## Given information
%%

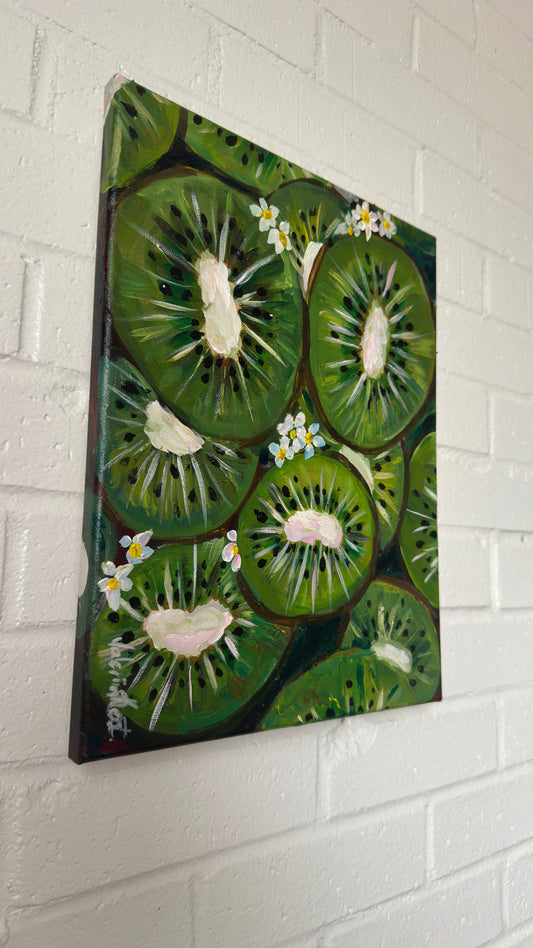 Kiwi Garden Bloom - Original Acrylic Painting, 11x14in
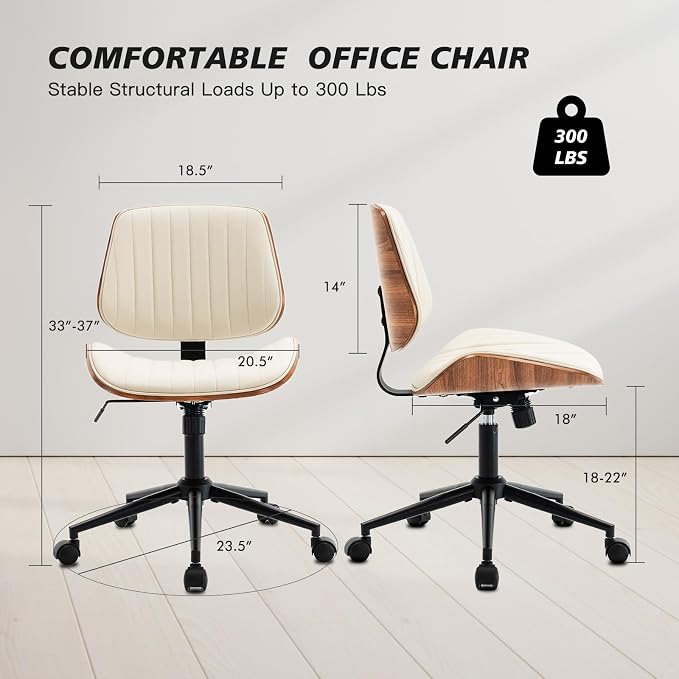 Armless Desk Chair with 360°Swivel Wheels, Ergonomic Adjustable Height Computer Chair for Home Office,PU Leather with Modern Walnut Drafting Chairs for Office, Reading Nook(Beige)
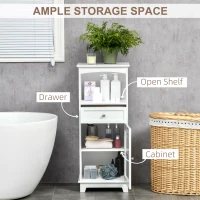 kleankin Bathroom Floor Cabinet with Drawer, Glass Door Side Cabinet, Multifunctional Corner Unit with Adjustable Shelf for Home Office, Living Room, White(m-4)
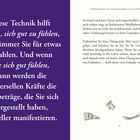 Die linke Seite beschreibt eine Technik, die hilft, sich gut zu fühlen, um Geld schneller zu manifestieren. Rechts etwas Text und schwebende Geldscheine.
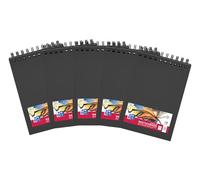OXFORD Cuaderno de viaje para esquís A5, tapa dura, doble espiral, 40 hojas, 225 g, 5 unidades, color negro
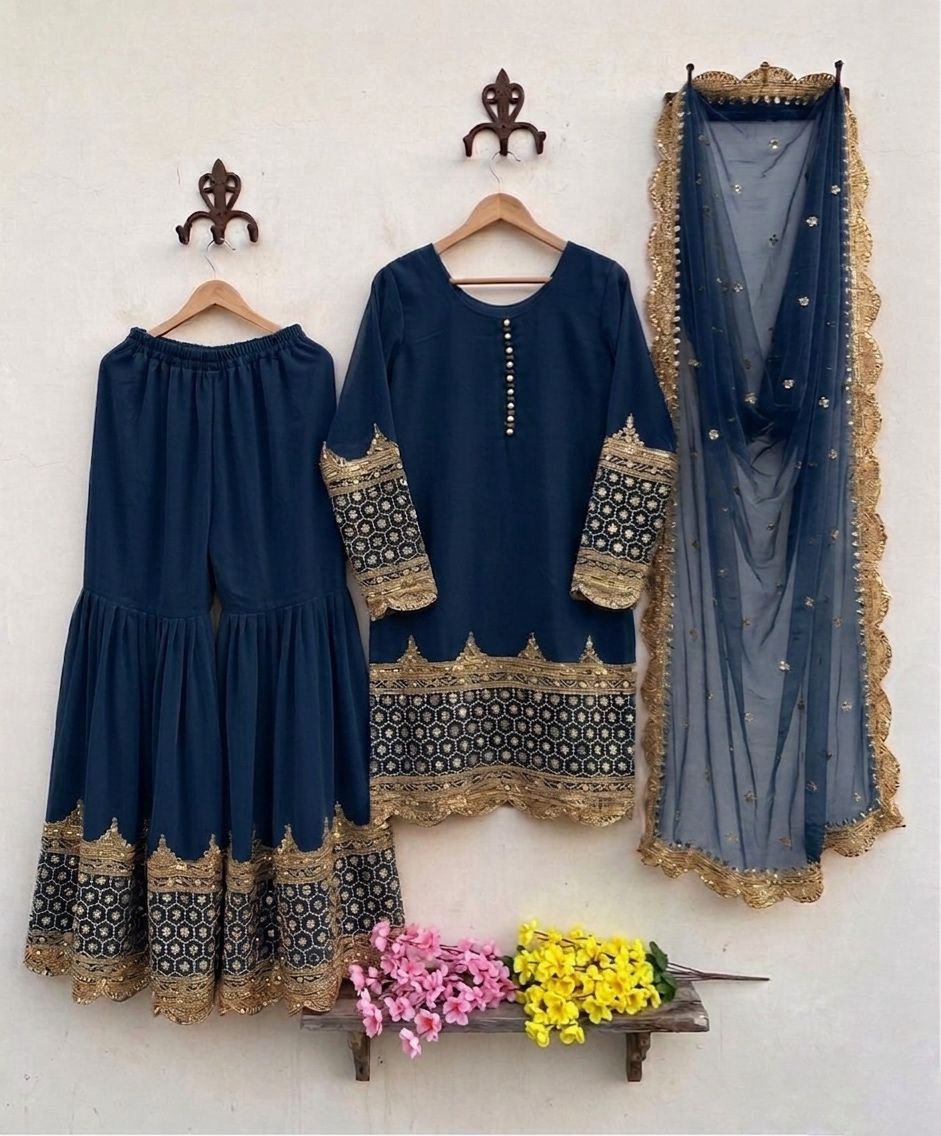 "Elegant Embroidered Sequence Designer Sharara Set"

%%
%%

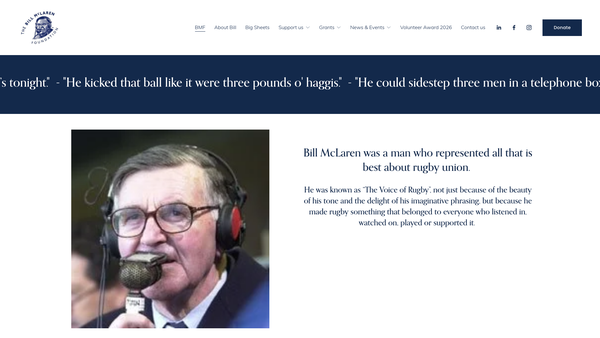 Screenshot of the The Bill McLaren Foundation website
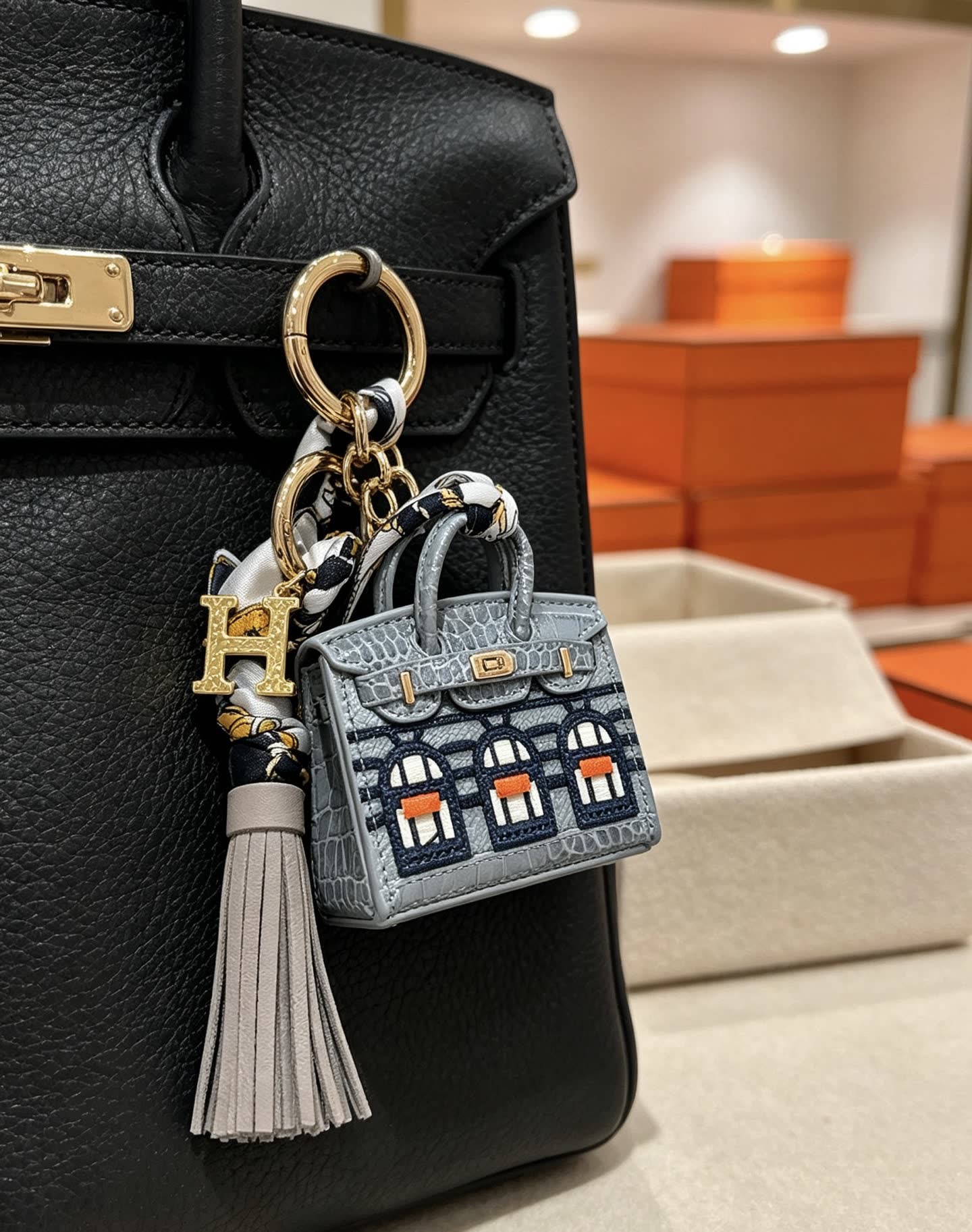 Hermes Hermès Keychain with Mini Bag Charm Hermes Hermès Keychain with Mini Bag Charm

%%

The material above holds pictures; leave them out and set down exactly the lines from the line with "Kiwi Garden Bloom" to the line with "Embroidered Sequence Designer", both included.

## Exercise solution
 Kiwi Garden Bloom - Original Acrylic Painting, 11x14in
 Armless Desk Chair with 360°Swivel Wheels, Ergonomic Adjustable Height Computer Chair for Home Office,PU Leather with Modern Walnut Drafting Chairs for Office, Reading Nook(Beige)
 kleankin Bathroom Floor Cabinet with Drawer, Glass Door Side Cabinet, Multifunctional Corner Unit with Adjustable Shelf for Home Office, Living Room, White(m-4)
 Die linke Seite beschreibt eine Technik, die hilft, sich gut zu fühlen, um Geld schneller zu manifestieren. Rechts etwas Text und schwebende Geldscheine.
OXFORD Cuaderno de viaje para esquís A5, tapa dura, doble espiral, 40 hojas, 225 g, 5 unidades, color negro
 "Elegant Embroidered Sequence Designer Sharara Set"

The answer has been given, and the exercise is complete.